Story Contest 2019 #2 - Highly Commended Stories »

Highly Commended Story - The New Stroke

“The New Stroke” by Maya Mourshed, Roscoe Nix Elementary School, USA, is the Highly Commended story in the sub-junior category of the second biannual Short Story Contest 2019.

Maya loves to write stories, songs, and poems. She plays piano and often develops her own compositions. She is a big fan of animated movies with a message, including ‘Inside Out’, ‘Toy Story, and ‘Finding Dory’. Maya also loves science and math, and aspires to be a general surgeon.

The New Stroke

Yasmine had always been fascinated by how fish glide through the ocean, moving their fins effortlessly. She had spent hours watching them at the local aquarium and dreamed about learning to gracefully cut through the water, just like the fish did. So when she turned six, she asked her mom to sign her up for swimming lessons at the pool.

On the day of her first lesson, Yasmine eagerly put on her new butterfly swimsuit. She had begged her mother to buy her this swimsuit because she loved the bright blue background and the colorful butterflies flying across it. On top, she wore her flower cover-up dress, and she completed the outfit with purple water shoes.

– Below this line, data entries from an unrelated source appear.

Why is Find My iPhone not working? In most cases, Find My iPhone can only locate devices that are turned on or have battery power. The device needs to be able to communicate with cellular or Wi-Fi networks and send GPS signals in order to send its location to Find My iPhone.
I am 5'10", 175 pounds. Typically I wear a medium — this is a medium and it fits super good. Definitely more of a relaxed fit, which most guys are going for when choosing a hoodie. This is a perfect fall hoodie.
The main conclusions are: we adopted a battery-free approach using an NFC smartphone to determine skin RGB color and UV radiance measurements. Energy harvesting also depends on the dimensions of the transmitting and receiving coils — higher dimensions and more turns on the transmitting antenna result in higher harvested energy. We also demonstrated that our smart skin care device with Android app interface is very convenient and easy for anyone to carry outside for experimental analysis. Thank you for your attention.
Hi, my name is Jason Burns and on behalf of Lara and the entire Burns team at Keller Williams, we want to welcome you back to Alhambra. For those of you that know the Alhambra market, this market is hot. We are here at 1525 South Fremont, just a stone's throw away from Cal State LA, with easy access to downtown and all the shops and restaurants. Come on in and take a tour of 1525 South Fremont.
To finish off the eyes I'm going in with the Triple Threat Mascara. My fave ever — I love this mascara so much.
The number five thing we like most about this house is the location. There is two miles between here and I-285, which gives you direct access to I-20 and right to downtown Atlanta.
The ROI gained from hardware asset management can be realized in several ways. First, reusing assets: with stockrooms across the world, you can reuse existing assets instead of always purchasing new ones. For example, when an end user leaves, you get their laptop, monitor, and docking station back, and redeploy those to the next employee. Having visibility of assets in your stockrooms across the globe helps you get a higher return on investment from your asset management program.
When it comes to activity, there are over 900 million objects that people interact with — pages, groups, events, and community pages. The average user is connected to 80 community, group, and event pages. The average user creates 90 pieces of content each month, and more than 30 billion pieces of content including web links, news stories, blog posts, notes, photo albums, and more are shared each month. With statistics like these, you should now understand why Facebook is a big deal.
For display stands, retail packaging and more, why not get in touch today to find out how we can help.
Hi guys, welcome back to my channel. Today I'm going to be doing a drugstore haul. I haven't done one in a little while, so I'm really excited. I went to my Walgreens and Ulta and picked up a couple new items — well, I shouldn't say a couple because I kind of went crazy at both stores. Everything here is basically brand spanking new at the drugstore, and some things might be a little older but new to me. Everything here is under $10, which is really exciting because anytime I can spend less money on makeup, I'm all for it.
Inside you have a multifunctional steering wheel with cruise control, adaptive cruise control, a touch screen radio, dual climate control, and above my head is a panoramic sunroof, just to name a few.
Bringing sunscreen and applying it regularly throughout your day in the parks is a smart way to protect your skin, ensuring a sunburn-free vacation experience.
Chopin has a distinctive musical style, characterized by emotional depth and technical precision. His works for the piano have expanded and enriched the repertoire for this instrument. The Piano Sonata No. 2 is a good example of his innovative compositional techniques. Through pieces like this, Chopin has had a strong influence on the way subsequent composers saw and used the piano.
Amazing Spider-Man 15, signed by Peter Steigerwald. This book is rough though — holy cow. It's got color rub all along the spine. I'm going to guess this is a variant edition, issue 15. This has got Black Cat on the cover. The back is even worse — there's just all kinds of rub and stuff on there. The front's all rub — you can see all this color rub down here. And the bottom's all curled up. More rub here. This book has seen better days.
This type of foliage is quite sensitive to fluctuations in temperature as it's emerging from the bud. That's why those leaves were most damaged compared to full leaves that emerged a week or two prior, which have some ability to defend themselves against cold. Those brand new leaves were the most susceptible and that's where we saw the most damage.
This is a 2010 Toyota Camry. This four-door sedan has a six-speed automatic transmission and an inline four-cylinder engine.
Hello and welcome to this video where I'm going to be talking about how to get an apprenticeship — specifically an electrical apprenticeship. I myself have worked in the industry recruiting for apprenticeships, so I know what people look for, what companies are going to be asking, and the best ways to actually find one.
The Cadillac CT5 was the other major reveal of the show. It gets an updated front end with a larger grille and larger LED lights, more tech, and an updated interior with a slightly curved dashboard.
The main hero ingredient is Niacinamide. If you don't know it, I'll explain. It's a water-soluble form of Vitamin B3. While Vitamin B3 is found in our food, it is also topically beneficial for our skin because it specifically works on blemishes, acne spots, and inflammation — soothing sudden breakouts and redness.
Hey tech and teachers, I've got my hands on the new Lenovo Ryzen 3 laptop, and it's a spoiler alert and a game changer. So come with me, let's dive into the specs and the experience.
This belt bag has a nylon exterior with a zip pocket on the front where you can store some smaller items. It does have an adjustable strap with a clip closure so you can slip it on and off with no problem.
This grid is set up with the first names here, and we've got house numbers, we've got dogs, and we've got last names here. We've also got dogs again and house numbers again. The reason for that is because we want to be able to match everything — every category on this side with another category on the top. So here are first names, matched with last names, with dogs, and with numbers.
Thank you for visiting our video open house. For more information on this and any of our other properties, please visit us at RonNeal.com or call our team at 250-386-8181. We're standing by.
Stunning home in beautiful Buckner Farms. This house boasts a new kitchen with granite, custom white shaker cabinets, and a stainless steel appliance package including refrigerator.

Yasmine’s mom drove her to the pool while Yasmine’s thoughts drifted to becoming a master swimmer and then a scuba diver. As Yasmine walked in, she saw her swim teacher and beamed.

“Hey Ms. Natalie, I’m so excited for my first swim lesson!”

“Let’s get into the water!” said Ms.Natalie, matching her enthusiasm. Yasmine peeled off her cover-up and shoes, and stepped into the shallow end of the pool. She felt the warm water lapping against her legs. She kept walking in, until the water reached her shoulders.

“First thing to learn is nose bubbles," instructed Ms. Natalie.” You just put your head under the water, and exhale out of your nostrils’’ Yasmine gave it a try, and felt air bubbles coming out. She dunked again and again, exhaling each time. Then, she felt her eyes and lungs start to burn, the sharp stings making her gasp for air and rub her eyes uncontrollably. She felt heat spread across her arms and legs, and looked down to see an angry red rash breaking out on her body.

Yasmine grabbed Ms. Natalie in panic. "What is happening to me?" Yasmine asked in a terrified voice. Ms. Natalie propped her up, dragging her towards the edge of the pool and pushing her up the steps. She tried to calm Yasmine, "Focus on your breathing. Inhale, exhale. Inhale, exhale."

Yasmine saw her mother move towards her in concern. “What’s wrong?” she asked. Her eyebrows furrowed as she saw the bumps on Yasmine’s body. “Yasmine got a rash, and she is having some difficulty breathing,” rushed Ms.Natalie. “I’ve seen this before. It is a chlorine sensitivity. Let’s quickly get her in the shower to wash off the chlorine. She’ll be ok” Ms. Natalie reassured. Yasmine’s mom and Ms. Natalie shepherded her rapidly to the bathroom. They shoved her under the shower and Yasmine felt the cold-water jets running over her body. The burning of her eyes and lungs began subsiding, but the rash still covered her arms, legs, and chest. As her mother toweled her off, Ms. Natalie said, “You should call her doctor and ask if Yasmine needs an antihistamine for the rash.”

Hours later, Yasmine was back home lying flat on the couch. Her mother had called the doctor, gave her an antihistamine, and put cold compresses on her body to cool the red bumps on her skin. There was one constant thought running through Yasmine’s mind. “Mom, will I ever be able to swim like all the other kids?” she asked in a small voice. Her mom looked at her gently and sat down beside her, “Everyone’s body is different. You have a sensitivity to chlorine. So that means you have to be extra careful.” Yasmine’s eyes welled with tears. “How can something that I love hurt me? I’ve been dreaming about swimming for so long, why is this happening to me?” Her arms smacked down on the couch cushions in frustration. Yasmine’s mother dabbed her tears and gave her a tight hug.

“We just need to be a little creative,” her mom whispered in her ear. “You have a sensitivity to chlorine, not to swimming. Maybe we can try you swimming in the lake? There is one 30min from here.”

“Do you think that will work?” asked Yasmine hopefully, wiping her tears with the back of her hand. As her mom nodded, Yasmine nestled in her embrace, and thoughts of the gliding fish once more ran through her mind.